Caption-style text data
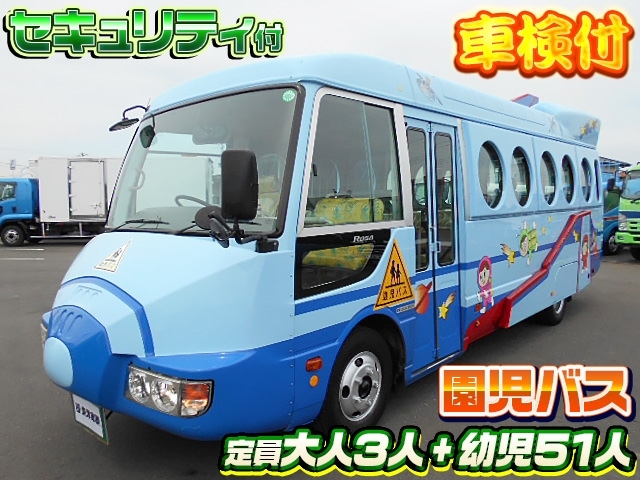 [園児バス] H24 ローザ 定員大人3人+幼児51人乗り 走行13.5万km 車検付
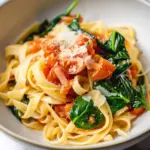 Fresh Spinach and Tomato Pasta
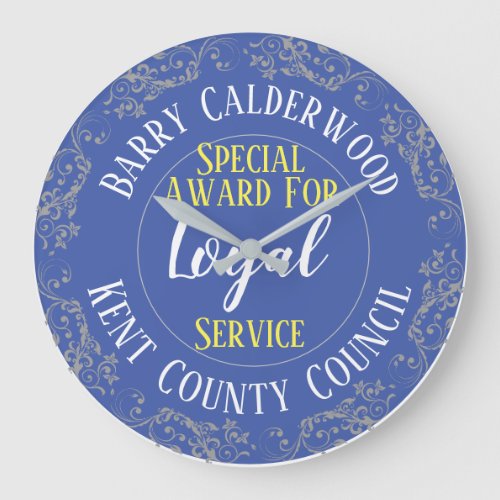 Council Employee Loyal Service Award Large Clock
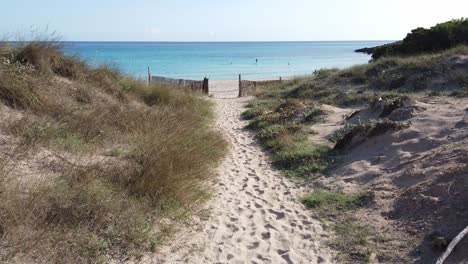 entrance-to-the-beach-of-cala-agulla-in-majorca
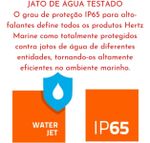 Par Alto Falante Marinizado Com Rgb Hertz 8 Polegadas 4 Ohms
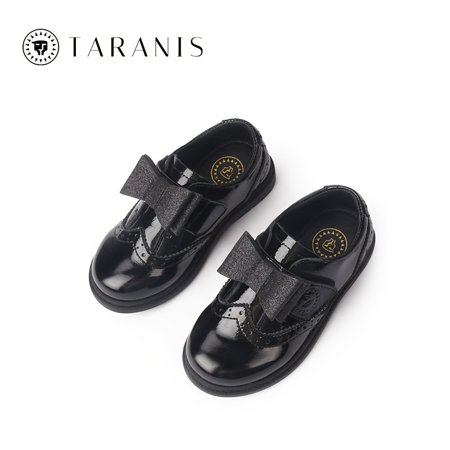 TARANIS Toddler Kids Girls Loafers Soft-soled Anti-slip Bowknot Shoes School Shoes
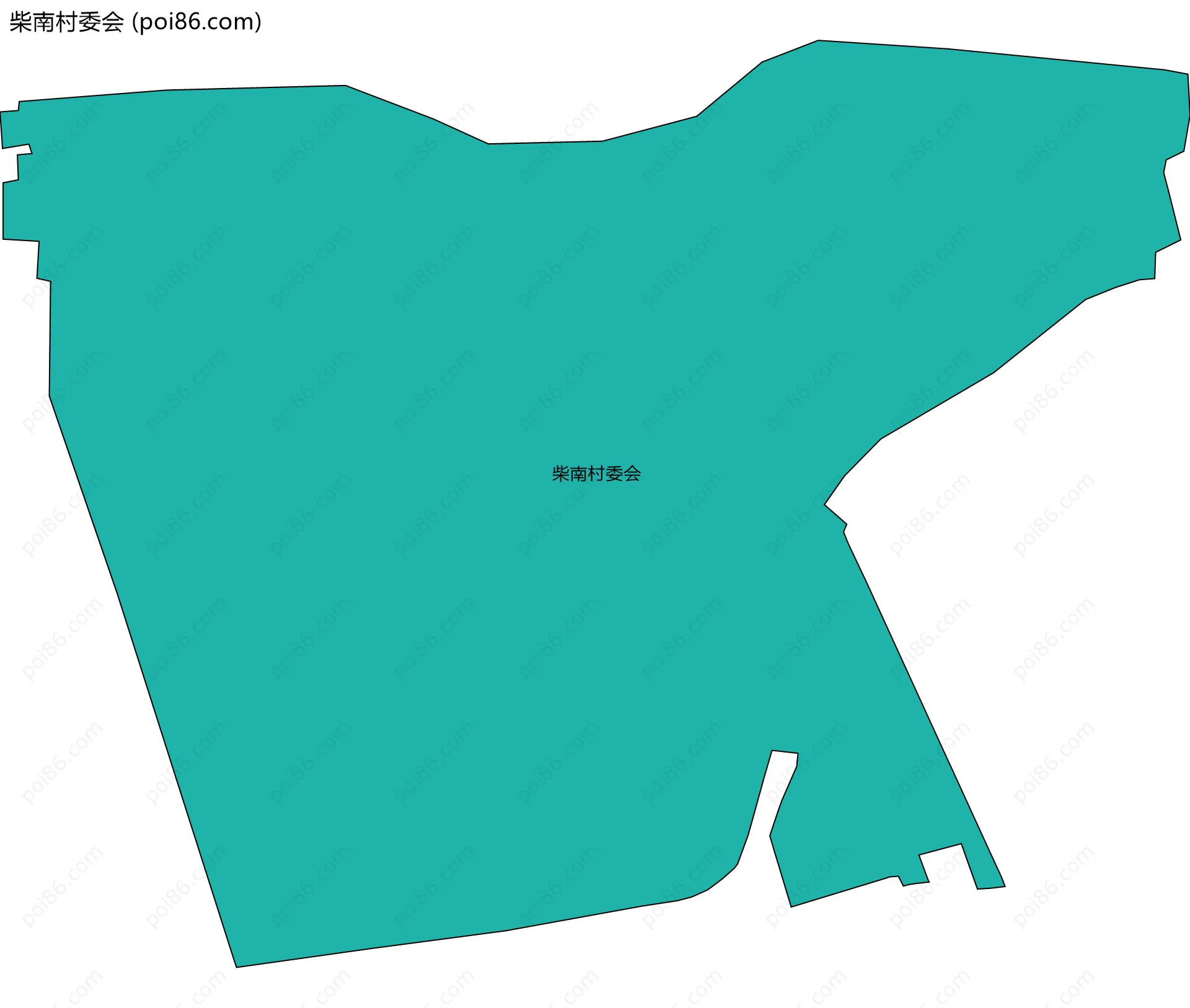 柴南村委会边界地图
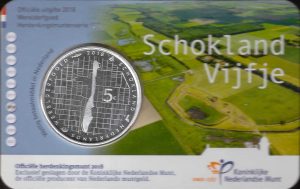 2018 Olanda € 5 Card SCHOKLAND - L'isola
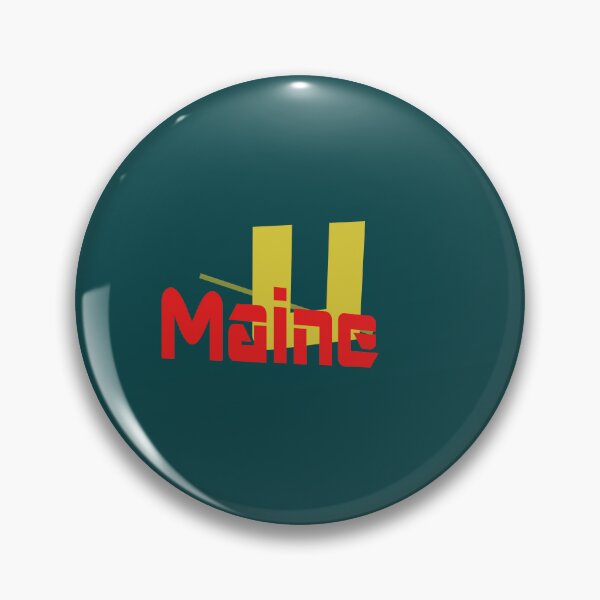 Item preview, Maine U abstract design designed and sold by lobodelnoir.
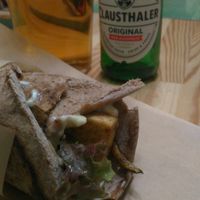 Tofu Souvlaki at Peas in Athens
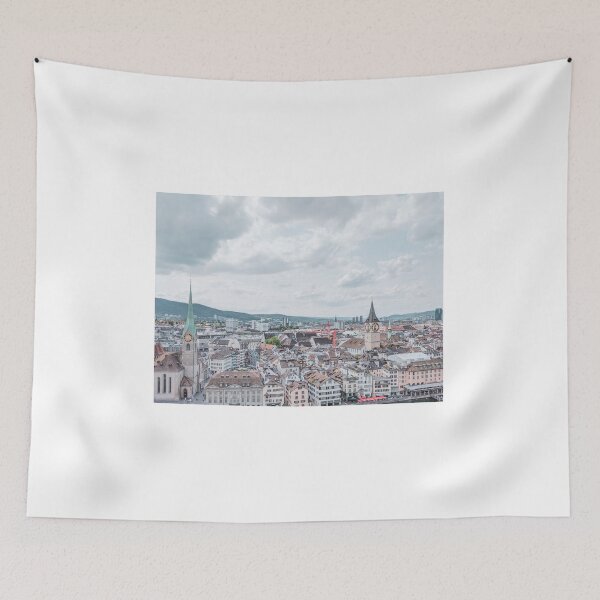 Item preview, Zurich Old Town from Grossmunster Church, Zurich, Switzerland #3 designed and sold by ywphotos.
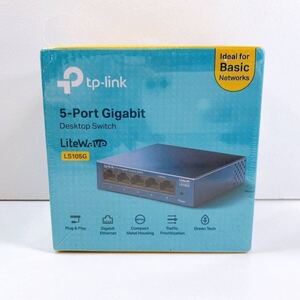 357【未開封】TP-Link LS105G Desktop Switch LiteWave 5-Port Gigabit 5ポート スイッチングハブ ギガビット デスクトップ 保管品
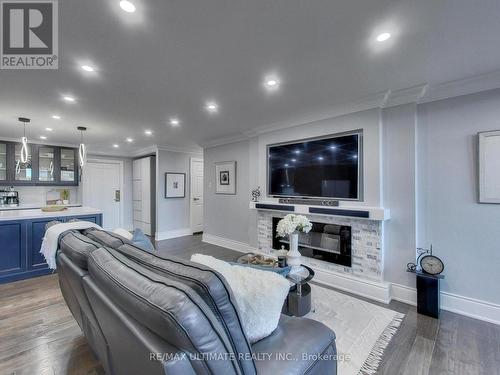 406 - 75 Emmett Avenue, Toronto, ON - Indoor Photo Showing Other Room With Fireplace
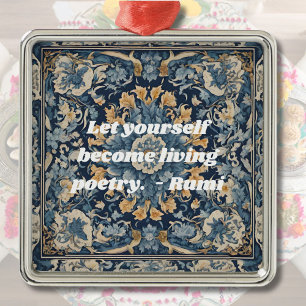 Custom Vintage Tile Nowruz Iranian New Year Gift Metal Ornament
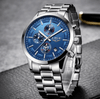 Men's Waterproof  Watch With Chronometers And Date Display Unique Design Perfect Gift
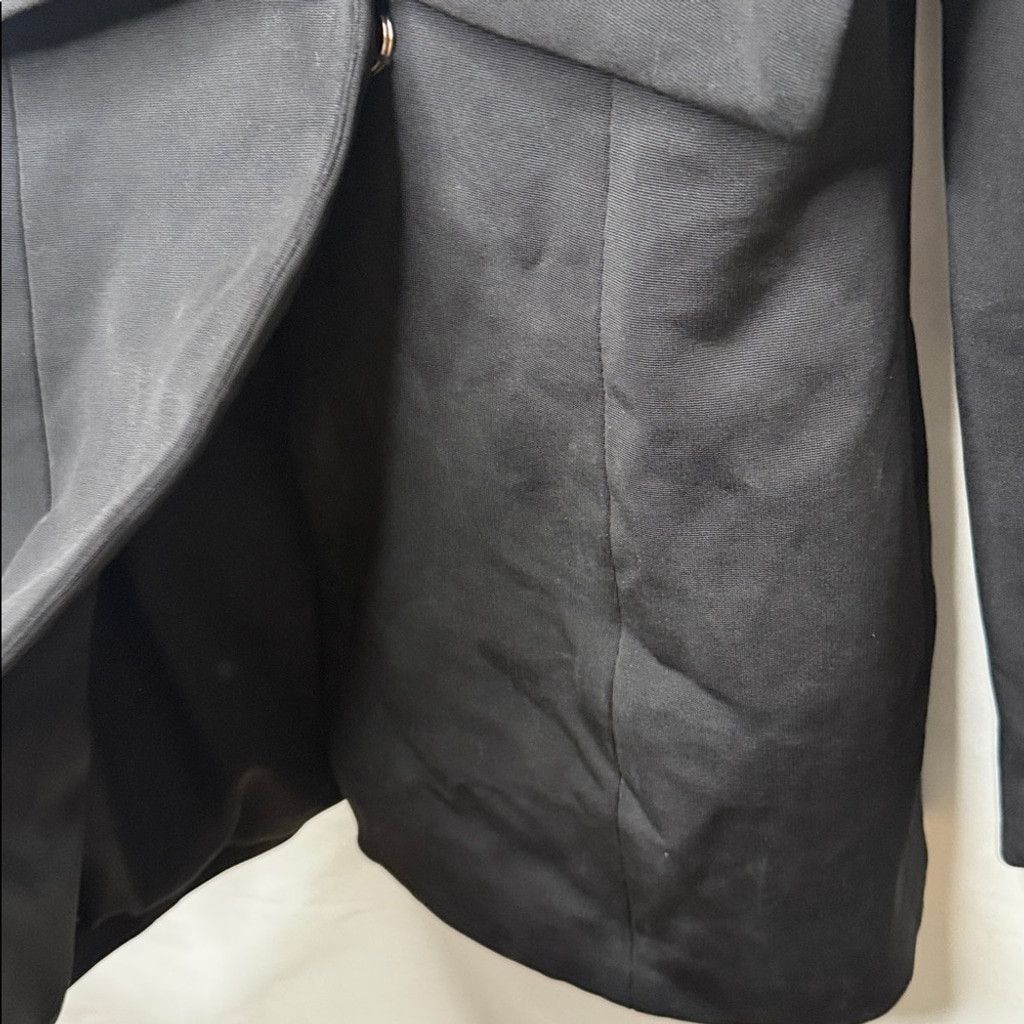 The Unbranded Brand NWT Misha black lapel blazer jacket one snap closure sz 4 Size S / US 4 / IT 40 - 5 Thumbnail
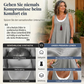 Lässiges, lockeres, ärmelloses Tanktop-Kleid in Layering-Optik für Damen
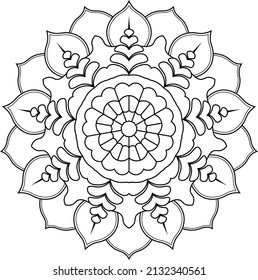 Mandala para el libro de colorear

> Goal of the exercise
Please give an exact copy of the lines from the line containing "Tofu Souvlaki at Peas in Athens" through the end of the records above, pictures excluded.

> Result below
 Tofu Souvlaki at Peas in Athens
 Item preview, Zurich Old Town from Grossmunster Church, Zurich, Switzerland #3 designed and sold by ywphotos.
 357【未開封】TP-Link LS105G Desktop Switch LiteWave 5-Port Gigabit 5ポート スイッチングハブ ギガビット デスクトップ 保管品
 406 - 75 Emmett Avenue, Toronto, ON - Indoor Photo Showing Other Room With Fireplace
 Custom Vintage Tile Nowruz Iranian New Year Gift Metal Ornament
 Men's Waterproof  Watch With Chronometers And Date Display Unique Design Perfect Gift
 The Unbranded Brand NWT Misha black lapel blazer jacket one snap closure sz 4 Size S / US 4 / IT 40 - 5 Thumbnail
 Lässiges, lockeres, ärmelloses Tanktop-Kleid in Layering-Optik für Damen
 Mandala para el libro de colorear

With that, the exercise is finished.